At first, I could not imagine why he had come, nor why he had done nothing yet but watch. I was not even sure who he was, though certainly I had ideas, each more fanciful than the last. Indeed, all that of which I could be sure was only that he had been there, had taken his place in the curtains and watched me as I slept.
Was I going mad? I wondered, for here in this place of chosen isolation, no one could possibly arrive without my knowing. Yet my thoughts were lucid, and I still savored the solitude that this place had given me, with the light of the sickle moon glinting off furrows of sand and the marble colonnades stretching far into the distance. But I reflected, I was compelled to reflect, upon everything that had transpired until now, and the reasons that had driven me here.
When I had first taken refuge in this desert land, thoughts had churned in my mind like sand in an hourglass, slowly spinning and ever falling. Gradually, even without the help of my powers, my design came to work after a fashion, and over the ensuing months my past slowly dimmed. But, just as I had begun to feel free from the impenetrable walls of introspection, this man had appeared.
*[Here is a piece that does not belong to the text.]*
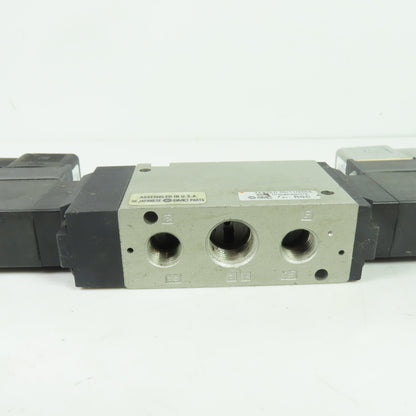 SMC US2666 Double Solenoid Air Valve 24VDC 5-Port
When had he first come? I do not know. But I remember that one night, I felt that uncanny sense that I was being watched, an eerie awareness that crept even into my dreams. I awoke to the zephyr carrying through the window and breathing upon my cheeks, and for a moment I met his eyes—oh those eyes!—shining out of the darkness that took all light but his own. Then, with only the faintest stirring of the air, he vanished.
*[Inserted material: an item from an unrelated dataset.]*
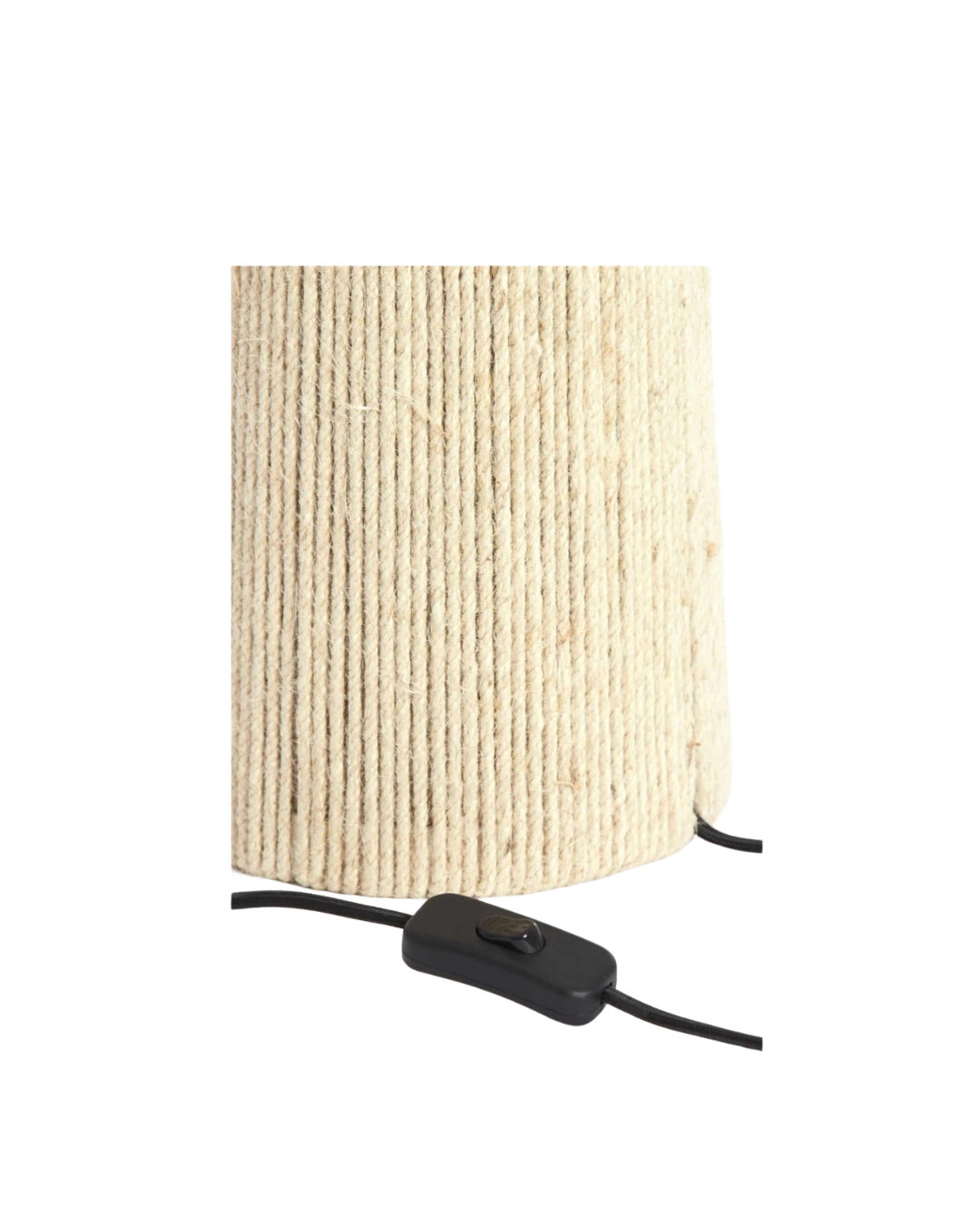 Lampe à poser en jute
Of course I searched, and searched long I did, over and around the vast estate, turning again and again, retracing every step a hundred times. He had truly disappeared but for the impression he left upon my mind, the creeping black of those insidious eyes. Gradually thoughts of the man consumed me. What else could distract me from that black? I watched the moon rise and set, the sands shift in inconstant patterns, and as ever I wondered where the man had gone.
It was only after some time that I came to fear a certain truth. It was terrible to imagine, and my hands trembled, my very heart palpitated at the thought that he might know. It was clear to me that he must suspect, for what else did this barren land hold except my secrets? But no, as yet I dared not give up hope. With the desperation of a man condemned, I clung to the thought, mad though it may seen to you, that the man was an unconnected party, that he did not know anything. Indeed, it seemed I had little recourse, and so it was with this distracted notion that I let myself drift once more into uneasy dreams.
In the depths of that night, I suddenly awoke, petrified with dread; for there once again was the man, with his light blazing from the blackness. But this time, my madness almost broke me, for when I dared to look upon him, I saw a terrible smile twisting his features. I let out an awful shriek, I could not help it, for all was lost! He must know, oh he knew!
When the night had passed, I paced endlessly around the sands. I longed to claw my own face, but I resisted the temptation, for I am a sane man. I calmed myself and considered: the man had followed me here, meaning he required something. Hope suddenly sprang from my chest as I realized. He needed proof! He only suspected my guilt, he could not know for certain. But if he were somehow able to coerce me, he would use my abilities and reach into my past, and then his own black eyes would be able to see my deeds as if they were his very own.
Long I thought, and slowly I formulated my plan as the moon above stayed her eternal course. I came to understand, with brittle clarity, what it was that I must do.
And so I lay in wait, feverishly anticipant. My cheeks were flushed, my breath harried. What hunted me was now my prey, and I longed for nothing more than to see the despair in his eyes, the fear as time and truth were ripped away like dust in the wind. I could not stay still for a moment, so excited was I, but gradually I felt a certain numbness and let myself drift to sleep. I was sure he would come this time, and I slept with the easy confidence of a child.
When I felt the telltale stirring of wind, I opened my eyes to see once more that shining blackness. I leapt from my bed and faced him; again there was the awful grin painted across his dark features, but tonight I faced him with my own. Did I detect a flickering of fear in his eyes? The slightest trace of doubt? I was too enamored of my own design, I did not look carefully upon him; I do not know. I spread the fingers of my left hand and cried an incantation. “Hark!” I screamed at him. “I have defeated you, you will never find what you seek! You have tormented me, but now I defy you!”
The entire world trembled and moaned with the rattle of a dying man. For a moment, I was supreme! As time collapsed about me with the crushing weight of the deepest earth, I looked upon the man a final time in my blinded triumph, and observed that he was still smiling.
In one terrible second, I realized the enormity of my error. Chills rent my spine, for the weight I felt was not time, it was my life, slowly squeezed into one. I saw the entire span of my being: every crime, magnified infinitely, every moment and reflection compressed into a never-ending moment of agony. As I descended into the swirling winds of time and insanity, I heard the man laugh, the first time I heard his voice, a mocking ringing that vibrated among the colonnades and echoed infinitely over the sands, into the descent of the black night.